== Segment start ==

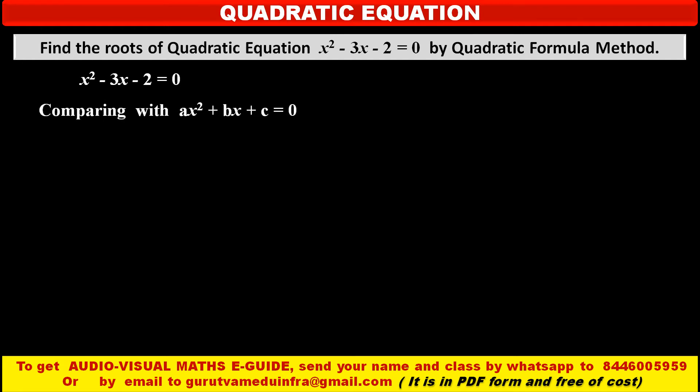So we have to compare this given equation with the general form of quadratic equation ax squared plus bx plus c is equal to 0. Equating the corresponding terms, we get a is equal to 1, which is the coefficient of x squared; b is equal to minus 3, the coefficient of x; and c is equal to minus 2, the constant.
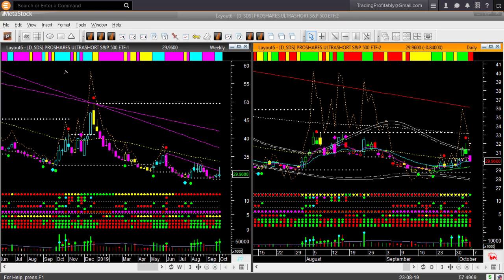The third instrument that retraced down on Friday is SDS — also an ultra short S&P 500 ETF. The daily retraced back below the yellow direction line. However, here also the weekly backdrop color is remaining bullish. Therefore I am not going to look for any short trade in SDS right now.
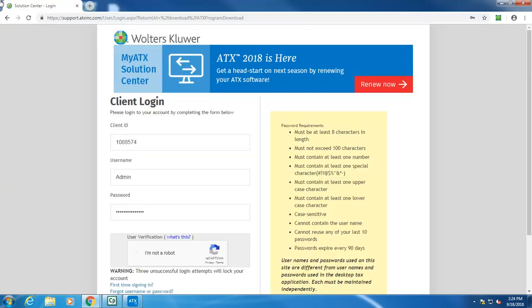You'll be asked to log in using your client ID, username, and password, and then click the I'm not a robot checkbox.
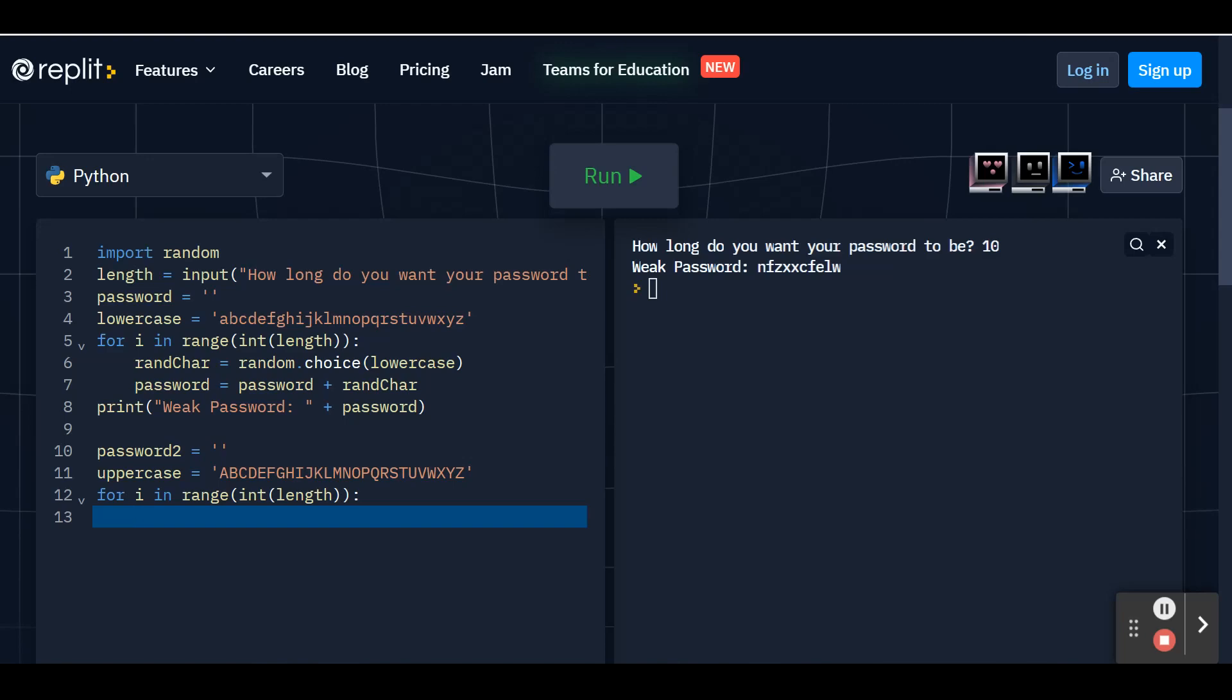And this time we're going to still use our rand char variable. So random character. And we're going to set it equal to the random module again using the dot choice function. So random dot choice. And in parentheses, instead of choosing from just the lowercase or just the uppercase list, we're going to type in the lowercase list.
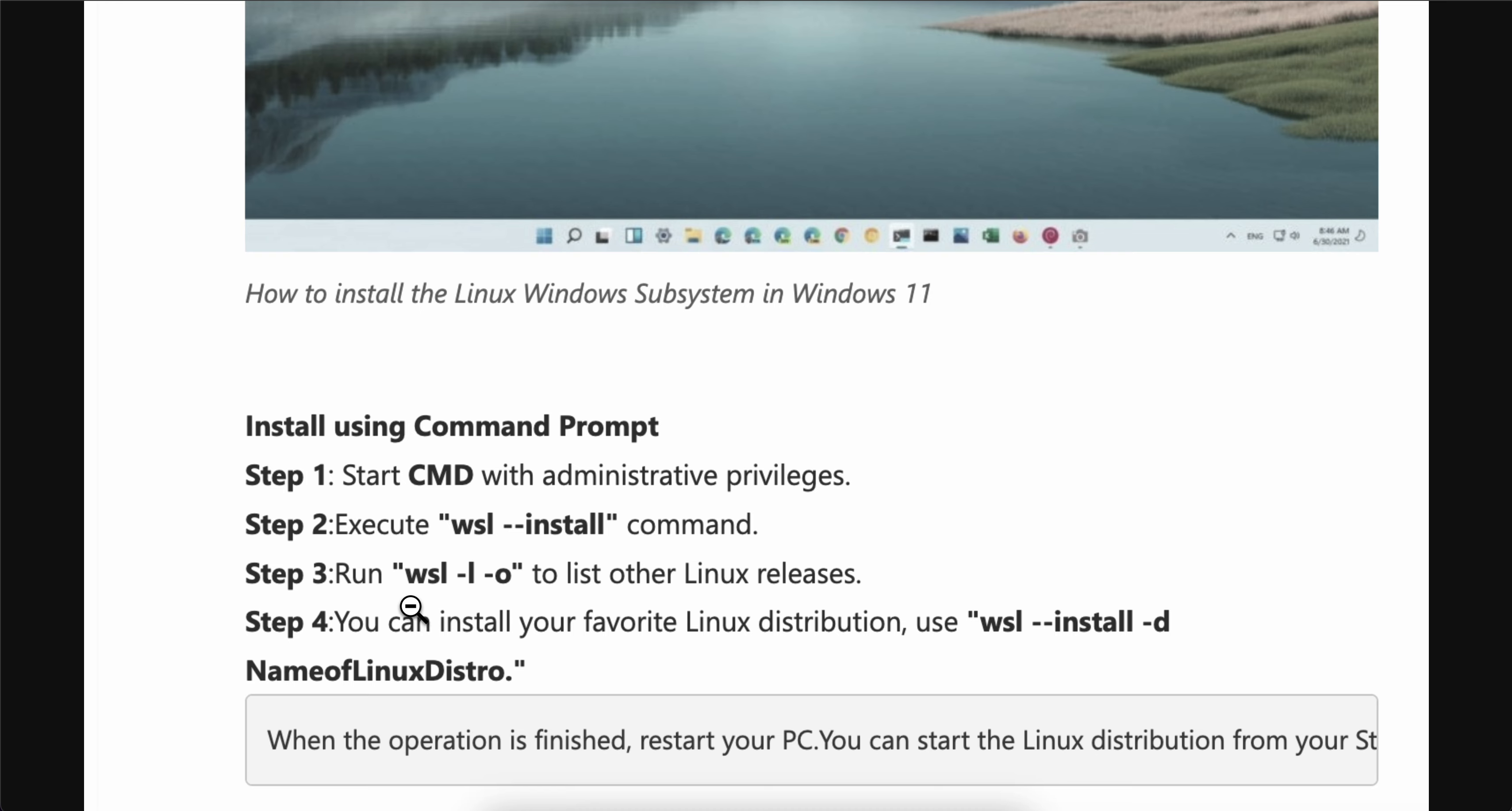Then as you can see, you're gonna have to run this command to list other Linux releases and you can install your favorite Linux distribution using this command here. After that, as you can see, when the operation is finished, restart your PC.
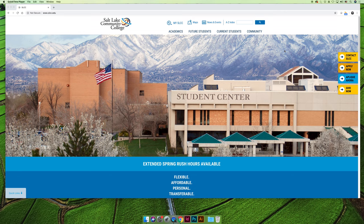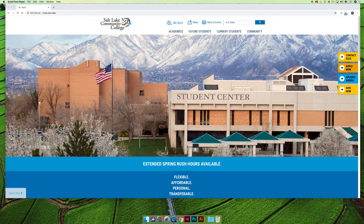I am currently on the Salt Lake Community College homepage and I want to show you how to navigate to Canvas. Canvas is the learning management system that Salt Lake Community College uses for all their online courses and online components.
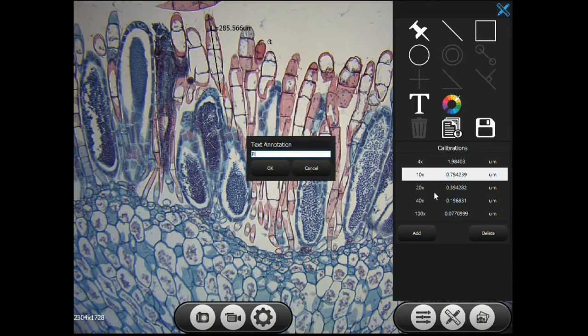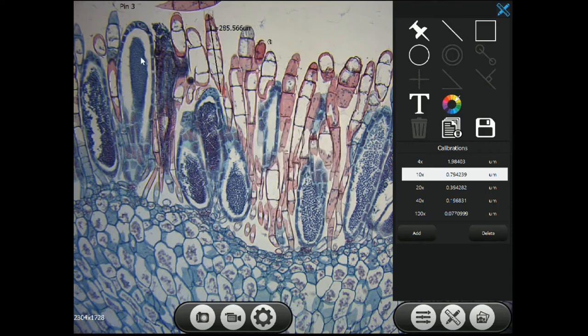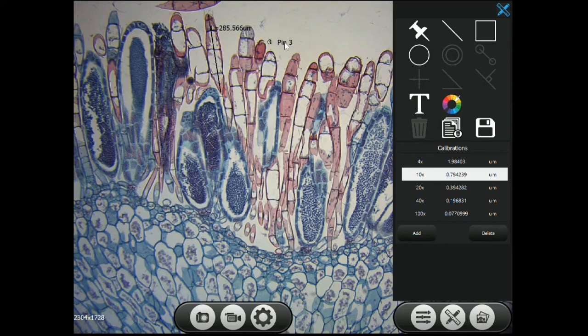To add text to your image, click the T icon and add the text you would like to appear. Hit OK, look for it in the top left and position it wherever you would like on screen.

== Segment end ==

> **WORK REQUIRED**:
Each entry is to be returned precisely as it appears, but the pictures are to be dropped.

> **TASK RESPONSE**:
So we have to compare this given equation with the general form of quadratic equation ax squared plus bx plus c is equal to 0. Equating the corresponding terms, we get a is equal to 1, which is the coefficient of x squared; b is equal to minus 3, the coefficient of x; and c is equal to minus 2, the constant.
The third instrument that retraced down on Friday is SDS — also an ultra short S&P 500 ETF. The daily retraced back below the yellow direction line. However, here also the weekly backdrop color is remaining bullish. Therefore I am not going to look for any short trade in SDS right now.
You'll be asked to log in using your client ID, username, and password, and then click the I'm not a robot checkbox.
And this time we're going to still use our rand char variable. So random character. And we're going to set it equal to the random module again using the dot choice function. So random dot choice. And in parentheses, instead of choosing from just the lowercase or just the uppercase list, we're going to type in the lowercase list.
Then as you can see, you're gonna have to run this command to list other Linux releases and you can install your favorite Linux distribution using this command here. After that, as you can see, when the operation is finished, restart your PC.
I am currently on the Salt Lake Community College homepage and I want to show you how to navigate to Canvas. Canvas is the learning management system that Salt Lake Community College uses for all their online courses and online components.
To add text to your image, click the T icon and add the text you would like to appear. Hit OK, look for it in the top left and position it wherever you would like on screen.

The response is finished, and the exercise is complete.